■ WORK TO COMPLETE:
Using the material below, print a verbatim copy of every line from the one containing "ゴルフ場予約　フィリピンオー" through the one containing "Eva - Dominatrice BDSM à Genève", inclusive, and omit the pictures.

■ LISTED RECORDS:
-.-.-
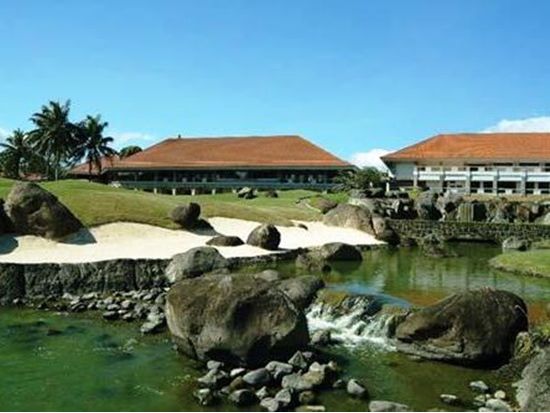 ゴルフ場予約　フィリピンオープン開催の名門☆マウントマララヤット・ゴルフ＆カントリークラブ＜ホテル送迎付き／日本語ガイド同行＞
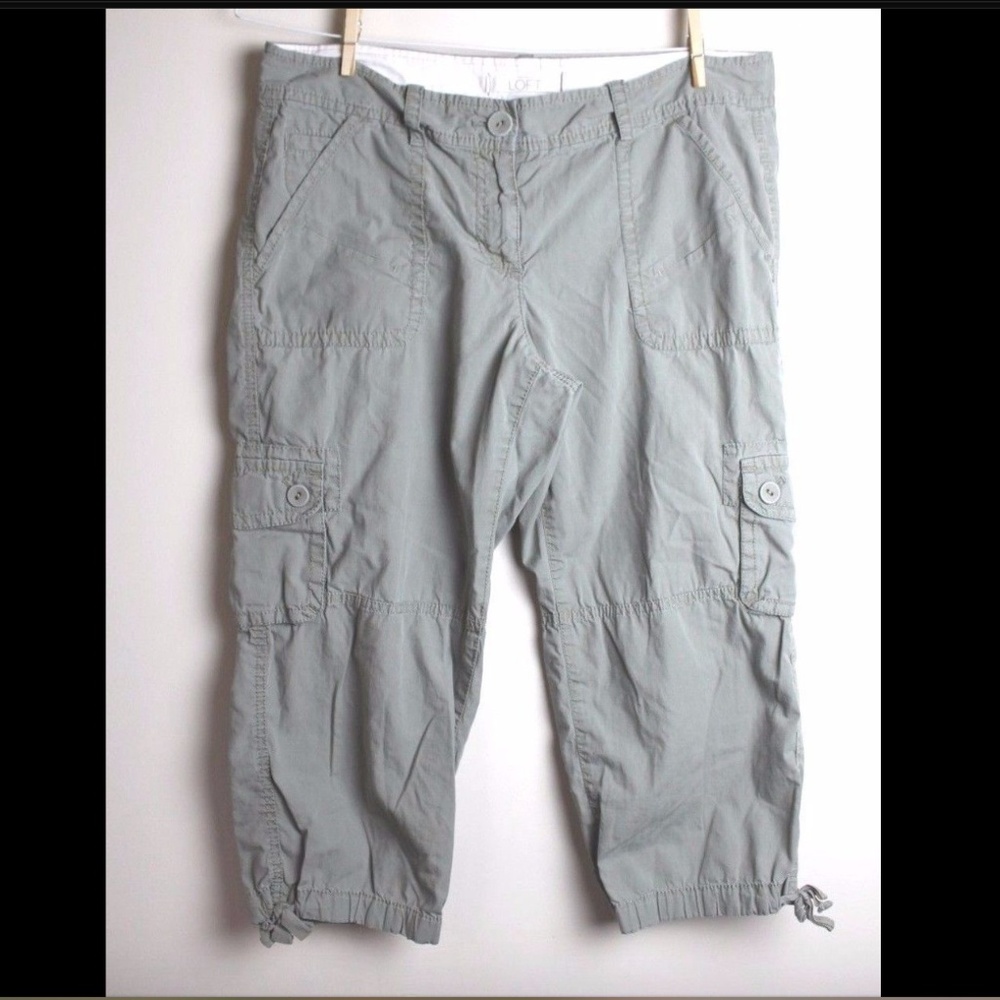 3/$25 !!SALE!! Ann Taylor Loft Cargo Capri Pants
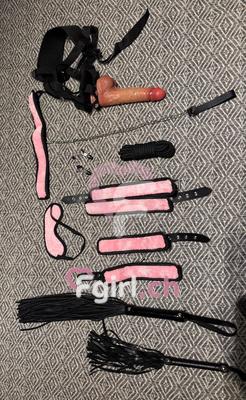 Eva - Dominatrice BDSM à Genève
-.-.-
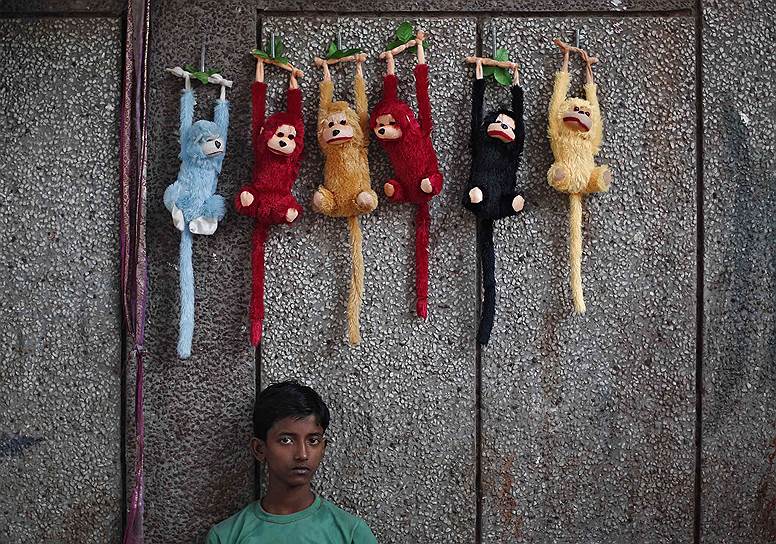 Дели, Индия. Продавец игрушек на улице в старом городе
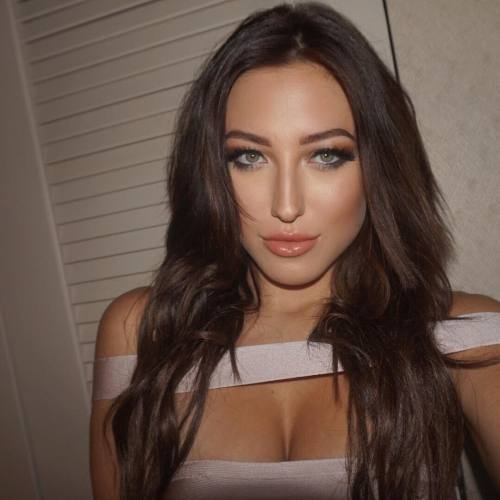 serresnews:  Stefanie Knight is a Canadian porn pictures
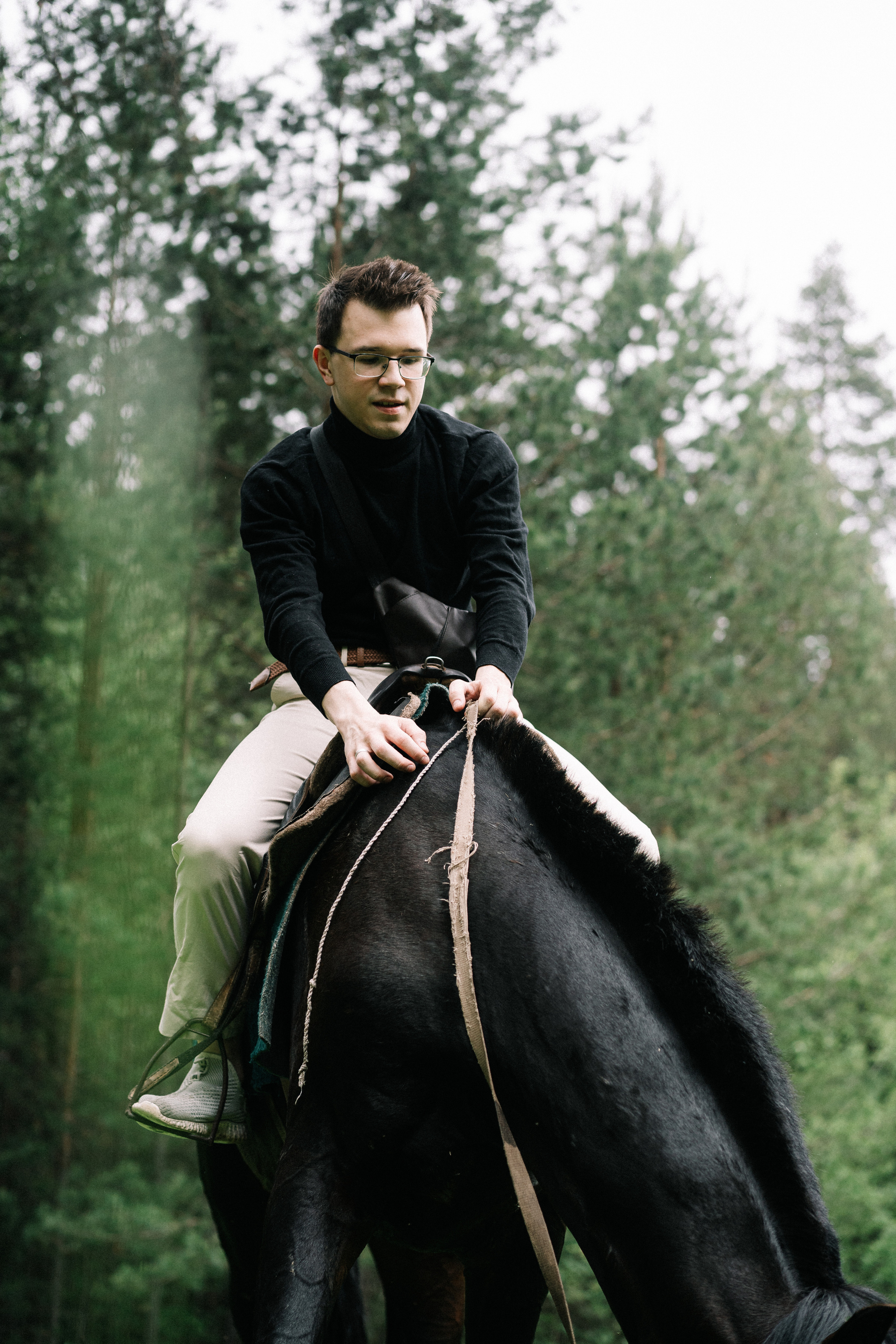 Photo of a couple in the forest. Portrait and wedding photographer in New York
-.-.-
■ RESPONSE AREA:
 ゴルフ場予約　フィリピンオープン開催の名門☆マウントマララヤット・ゴルフ＆カントリークラブ＜ホテル送迎付き／日本語ガイド同行＞
 3/$25 !!SALE!! Ann Taylor Loft Cargo Capri Pants
 Eva - Dominatrice BDSM à Genève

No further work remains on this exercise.